Hi Pierre, nice to meet you!
Can you tell us more about yourself?
I graduated from ESSEC with the last semester in Singapore. I started to build a network in Singapore during this last semester and ultimately found an internship in a Singapore-based law firm. The internship turned into a full time job. Since then, I developed a network of clients willing to follow me.
Why did you want to come to Singapore?
Originally, it was an exchange program by ESSEC. I had no particular interest in Singapore and was more looking for an English speaking country. At this time, I was more interested in the USA than Asia. Singapore turned out to be a extremely good opportunity for me with a semi-westernized professional culture. It was still a country where you can start as a pioneer and become leader in a very short amount of time.
What was the biggest obstacle you had to face in your decision to move?

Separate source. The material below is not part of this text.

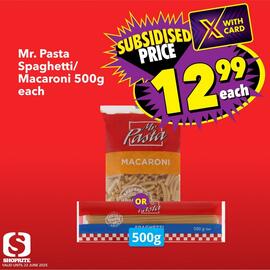 Shoprite catalogue week 25 Page 2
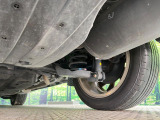 お車を安心してお乗りいただく為には、足回りの定期点検が欠かせません。サービスサポート(有償保証)では無料点検もご提供しており、安心のカーライフをお過ごしいただけるサポート体制が整っています。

My move was easy and relatively organised as it took place during an exchange program. The difficult part was the end of the exchange program when your school acquaintances start to move to other countries and you should decide whether to stay or not. One of the most challenging part was the work visa and immigration issues in order to access the job market. Companies usually hire staff who are locals or already have a visa and will pay a higher price to hire non-resident foreigners. You need to evidence that you will bring something to the company that locals cannot do ; and this is challenging when you are a fresh graduate.
How did you prepare your departure? Did you get any advice from anyone?
Most advices came from the ESSEC community and from family members who are expatriate in other countries. Part of my family are entrepreneurs in the USA.
How do you see your professional and personal future?
On the personal side, I feel satisfied with Singapore and have started to build strong relationships here. On the professional side, my objective is to build more of Rosemont’s offices in South East Asia. If successful, I wouldn’t mind to start an entrepreneurial challenge in the fintech industry at the end of my career. Fintech and alternative finance for companies have always be of interest for me.
What was the very first thing you did when you arrived in Singapore?
I took a bus to see the center of the city. I remember that I sat on a bus and there were two boys in front of me. I remember that it took me 5 to 10 minutes to realize that they were speaking in English (actually Singlish, which is a local slang). I thought that I would never be able to understand the way people speak. But Singlish is mostly used at home and Singaporean – professionally – speak very good English.
Name one thing to do and one not to when coming to Singapore
Singapore remains an Asian country, so do not challenge or disrespect someone in public. Particularly at work. You can criticize but it must be in a prudent and elaborate way. I think one interesting thing to do is to try to have a discussion on Singapore politics with a taxi driver. They always have interesting stories or point of view on Singapore politics (but be prudent if you criticize).
Any advice for anyone who wants to come to Singapore?
Be prepared and do not expect it to be easy. Singapore’s economy is wavering and the job market (already difficult to access for foreigners) is now blocked. Entrepreneurship is usually administratively very limited for foreigners. You need to save some (a lot) of money before moving there as Singapore is definitely not a cheap place to live in.